Required action:
An exact reprint of the listing is required, with no pictures included.

The data:
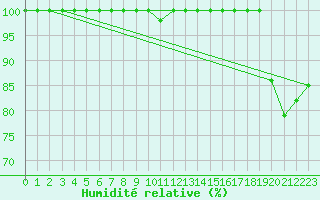 Courbe de l'humidit relative pour Les Diablerets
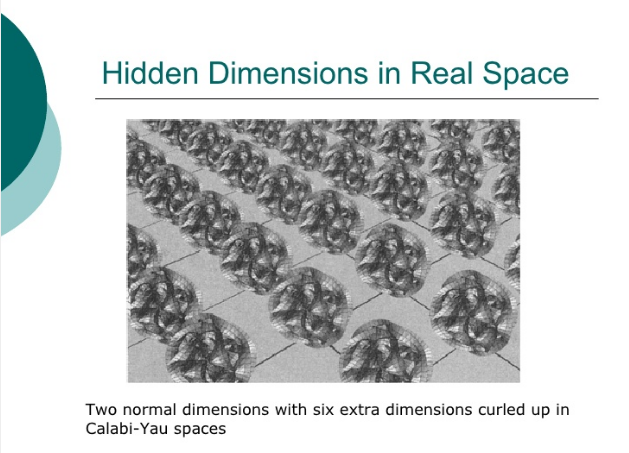 hidden_dimensions_calabi-yau.png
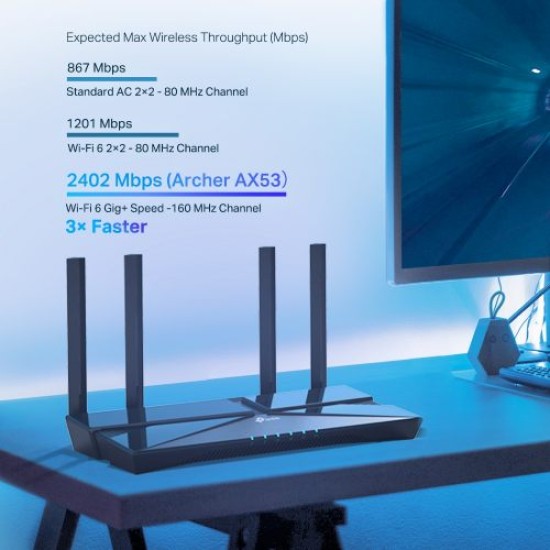 TP-Link Router AX3000 Dual Band Gigabit Wi-Fi 6 with 4xGigabit Ethernet Ports (Archer AX53)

Reply to the exercise:
 Courbe de l'humidit relative pour Les Diablerets
 hidden_dimensions_calabi-yau.png
 TP-Link Router AX3000 Dual Band Gigabit Wi-Fi 6 with 4xGigabit Ethernet Ports (Archer AX53)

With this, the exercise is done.